Every year, an enterprising groundhog tries to live under our pavilion.  I trap the groundhogs when I see them, and do what I can to refill in the hole.  Because of its awkward location, complete abatement has been difficult.  (The pavilion is only about one to two feet off the ground, on its sloping site.  Not enough space to get underneath to work, and can't completely reach the groundhog hole to fill it.)  It's not long before another groundhog comes along, does the necessary renovations, and moves on in.

Ruby keeps watch.  See the groundhog?


Last week, my husband and I began a project to (hopefully) get rid the pavilion of the groundhog excavations forever.  It's a multi-stage plan, all of which was difficult and dirty work.

Step One:  Trap current groundhog.  Done.

Step Two:  Fill in the groundhog crater.  This particular spot under the pavilion is where there was once a brick-lined septic tank.  It was filled by prior owners, and topped by this handy make-shift cover.  We filled again when we built the pavilion, and put the cover back into place.

Photo of the septic tank from 2008, during pavilion construction.


This was covering the septic tank hole when we moved here.   


See how the groundhogs dug underneath the sign and into the septic tank space?


Here is a 'before' photo from my files, showing what the pavilion looks like with its steps.  The groundhog hole is to the left of the steps, about three feet in.

2011


I had hoped that we could remove some of the pavilion floor to access this spot.  This proved to be pretty impossible because the deck boards are screwed down, and at least half of the screws are rounded out and won't budge.  Next idea was to remove part of the steps.  Not great access, but it's more than we had before.



We shoveled wheelbarrow after wheelbarrow load of fill dirt, by hand, into the hole.

Progress photo.


When the hole was filled, we scattered broken concrete chunks over the area, pushing them into place with a rake.  Keep in mind, all of this is being done while we are laying on our bellies in the dirt.  Definitely not glamorous work.



Step Three:  Keep the groundhogs out of this space forever!  

The part of the plan was to lay welded wire fencing over the entire 12 x 24-foot area underneath the pavilion.  A quick trip to a local fencing company yielded a big roll of used 4-foot fence that was perfect for the job.  We cut three 24-foot lengths and attached them together to make one piece that was the right size.



It took forever to pull the fencing under the pavilion.  We used rope attached to the corners of the fencing, and a lot of fiddling and cursing, to tug and fiddle to and get it laid into place.  Then, we did our best to weight the wire down with larger chunks of broken concrete.



The edges of the wire are held down with concrete blocks.



Step Four:  (Day Two)  More wire and a new lattice skirt.

Since groundhogs tend to start their excavations beside structures, then tunnel underneath, we added some extra protection by covering the ground around the pavilion with more wire. 
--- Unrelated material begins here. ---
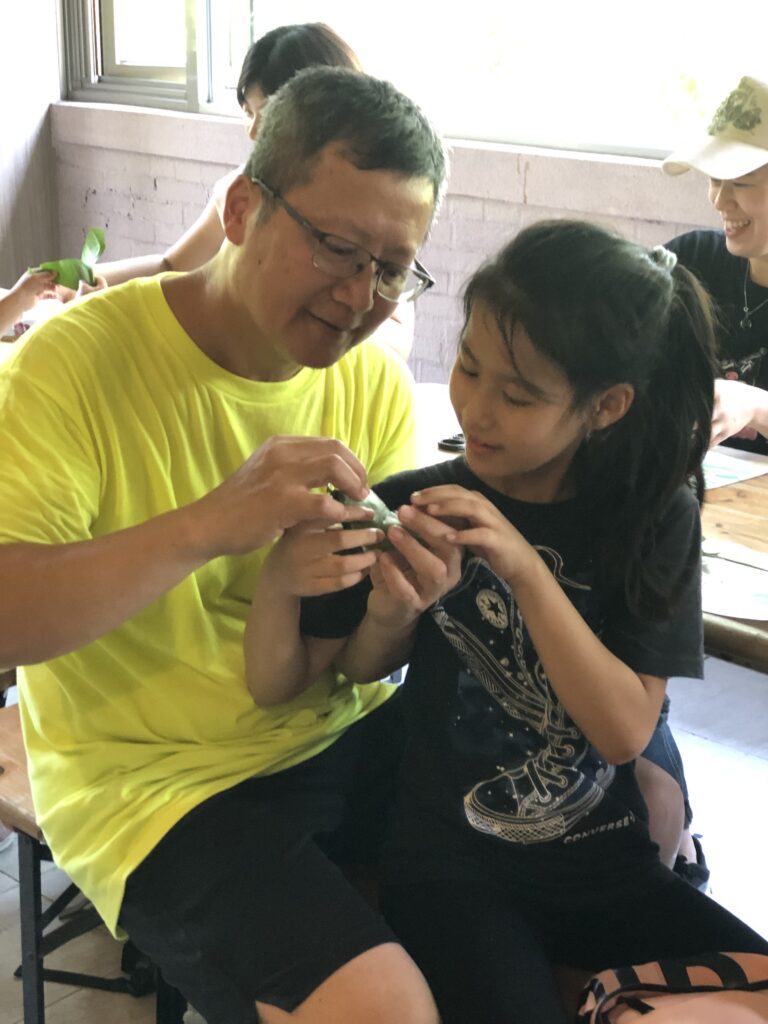手工製作竹童玩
The lattice we chose to cover all of this is pressure-treated "Severe Weather Privacy Lattice" with 3/4" openings.  I am very thankful for my pneumatic stapler, which made short work of securing the lattice to the pavilion. 

South side, finished!


Here is the Before and After of the right half of the west side.  





Here is the entire west side, all finished:



The east side was difficult, because it's really low and I had to carefully maneuver around the plantings there.  Hostas, Hydrangeas, Hellebores, etc., are thickly planted on that side.  It was like working in a jungle.

Only about 18" of clear space to work in between the Hydrangeas and the pavilion.


Day Two ended with three of the four sides of the pavilion all buttoned up with wire and lattice.  The north side, the most difficult one because it's (a) incredibly low to the ground and (b) more heavily planted than the east side, is all that we still have  left to do.  I plan to do this early next week. (Too much to do till then to even think of it now.)

View of the pavilion from the deck, as I grilled salmon for supper at the end of Day Two.  Look carefully and you can see the shiny new lattice skirt on the east side.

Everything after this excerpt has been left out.